## EXERCISE:
Repeat word for word every line from the one holding "942 E DRIFTWOOD Drive, Tempe, AZ 85283" to the end of the material below.

## SOURCE INFORMATION:
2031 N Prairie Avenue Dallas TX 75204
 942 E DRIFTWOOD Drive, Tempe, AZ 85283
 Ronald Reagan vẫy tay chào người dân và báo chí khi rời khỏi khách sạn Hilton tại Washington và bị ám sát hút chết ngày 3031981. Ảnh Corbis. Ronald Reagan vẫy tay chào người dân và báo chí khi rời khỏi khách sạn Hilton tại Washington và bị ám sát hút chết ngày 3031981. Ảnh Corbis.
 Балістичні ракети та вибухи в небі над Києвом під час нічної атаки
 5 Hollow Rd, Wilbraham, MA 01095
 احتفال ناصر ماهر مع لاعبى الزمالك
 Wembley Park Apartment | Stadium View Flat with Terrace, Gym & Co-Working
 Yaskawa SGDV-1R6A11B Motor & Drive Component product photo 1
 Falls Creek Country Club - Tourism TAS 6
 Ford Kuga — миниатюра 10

## EXERCISE RESULT:
 942 E DRIFTWOOD Drive, Tempe, AZ 85283
 Ronald Reagan vẫy tay chào người dân và báo chí khi rời khỏi khách sạn Hilton tại Washington và bị ám sát hút chết ngày 3031981. Ảnh Corbis. Ronald Reagan vẫy tay chào người dân và báo chí khi rời khỏi khách sạn Hilton tại Washington và bị ám sát hút chết ngày 3031981. Ảnh Corbis.
 Балістичні ракети та вибухи в небі над Києвом під час нічної атаки
 5 Hollow Rd, Wilbraham, MA 01095
 احتفال ناصر ماهر مع لاعبى الزمالك
 Wembley Park Apartment | Stadium View Flat with Terrace, Gym & Co-Working
 Yaskawa SGDV-1R6A11B Motor & Drive Component product photo 1
 Falls Creek Country Club - Tourism TAS 6
 Ford Kuga — миниатюра 10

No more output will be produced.